Gerechtshof Den Haag, 13-01-2021, ECLI:NL:GHDHA:2021:51, BK-19/00693 tot en met BK-19/00695
Gerechtshof Den Haag, 13-01-2021, ECLI:NL:GHDHA:2021:51, BK-19/00693 tot en met BK-19/00695
Gegevens
- Instantie
- Gerechtshof Den Haag
- Datum uitspraak
- 13 januari 2021
- Datum publicatie
- 28 januari 2021
- ECLI
- ECLI:NL:GHDHA:2021:51
- Formele relaties
- Eerste aanleg: ECLI:NL:RBDHA:2019:10793, Bekrachtiging/bevestiging
- Zaaknummer
- BK-19/00693 tot en met BK-19/00695
Inhoudsindicatie
Belanghebbende, X BV, is terecht aangemerkt als inhoudingsplichtige voor het privégebruik van de bestelauto’s die inlener, N BV, aan werknemers van X BV ter beschikking heeft gesteld in de zin van art. 13bis Wet LB 1964. X BV zendt haar werknemers uitsluitend of geheel uit naar N BV. De terbeschikkingstelling van de auto’s geschiedt niet alleen met medeweten van X BV maar ligt ook in de (mondelinge) uitleenovereenkomst met N BV besloten. X BV heeft niet aannemelijk gemaakt dat de bestelauto’s door aard of inrichting nagenoeg uitsluitend geschikt zijn voor vervoer van goederen of buiten werktijd niet privé kunnen worden gebruikt. X BV heeft een verbod op privégebruik niet aannemelijk gemaakt en zij heeft niet aangetoond dat voor niet meer dan 500 km per jaar met de bestelauto’s privé is gereden. De auto’s worden niet doorlopend aan twee of meer werknemers afwisselend ter beschikking gesteld zodat de eindheffing afwisselend gebruik van art. 31, lid 1, onderdeel d, van de Wet LB 1964 niet kan worden toegepast. De naheffingsaanslagen loonheffingen 2014 t/m 2016 zijn daarom terecht aan X BV opgelegd.
Uitspraak
Team Belastingrecht
meervoudige kamer
nummers BK-19/00693 tot en met BK-19/00695
in het geding tussen:
(gemachtigde: H.A. Elbert),
en
(vertegenwoordigers: […] , […] en […] ),
op het hoger beroep van belanghebbende tegen de uitspraak van de Rechtbank Den Haag (de Rechtbank) van 30 september 2019, nummers SGR 19/228, SGR 19/229 en SGR 19/230.
Procesverloop
De Inspecteur heeft aan belanghebbende naheffingsaanslagen loonheffingen opgelegd over de volgende tijdvakken:
- 1 januari 2014 tot en met 31 december 2014 ten bedrage van € 9.262. Tevens is bij beschikking € 1.230 aan belastingrente in rekening gebracht en een vergrijpboete van € 2.220 opgelegd (BK-19/00693; SGR 19/228);
- 1 januari 2015 tot en met 31 december 2015 ten bedrage van € 25.934. Tevens is bij beschikking € 2.408 aan belastingrente in rekening gebracht en een vergrijpboete van € 6.384 opgelegd (BK-19/00694; SGR 19/229);
- 1 januari 2016 tot en met 31 december 2016 ten bedrage van € 31.660. Tevens is bij beschikking € 1.674 aan belastingrente in rekening gebracht, een boete wegens betaalverzuim van € 184 en een vergrijpboete van € 7.453 opgelegd (BK-19/00695; SGR 19/230).

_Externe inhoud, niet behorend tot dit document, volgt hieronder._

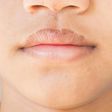 Dry lips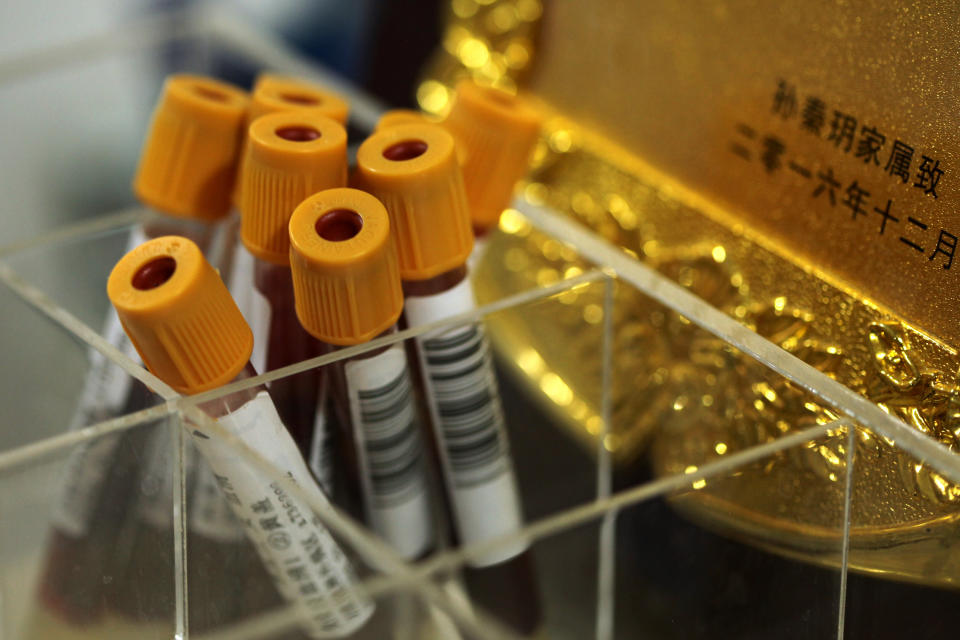 Sangre de pacientes en un hospital de Shanghai, China.  Foto: AP / Erika Kinetz.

De Inspecteur heeft bij uitspraken op bezwaar de naheffingsaanslagen en de belastingrentebeschikkingen gehandhaafd en de boetebeschikkingen vernietigd.
Belanghebbende heeft tegen de uitspraken op bezwaar beroep bij de Rechtbank ingesteld. Van belanghebbende is € 345 griffierecht geheven. De Rechtbank heeft de beroepen ongegrond verklaard.
Belanghebbende is van de uitspraak van de Rechtbank in hoger beroep gekomen bij het Hof. In de zaken BK-19/00693 tot en met BK-19/00695 is van belanghebbende € 519 griffierecht geheven. De Inspecteur heeft een verweerschrift ingediend.
Voorafgaand aan de mondelinge behandeling heeft het Hof van de gemachtigde van belanghebbende op 16 oktober 2020 een faxbericht ontvangen met nadere stukken. De Inspecteur heeft daarop bij brief van 22 oktober 2020, ontvangen op 26 oktober 2020, gereageerd. Belanghebbende is hiervan een afschrift gezonden.
De mondelinge behandeling van de zaken heeft plaatsgehad ter zitting van 4 november 2020, gehouden te Den Haag. Partijen zijn verschenen. Van het verhandelde ter zitting is een proces-verbaal opgemaakt.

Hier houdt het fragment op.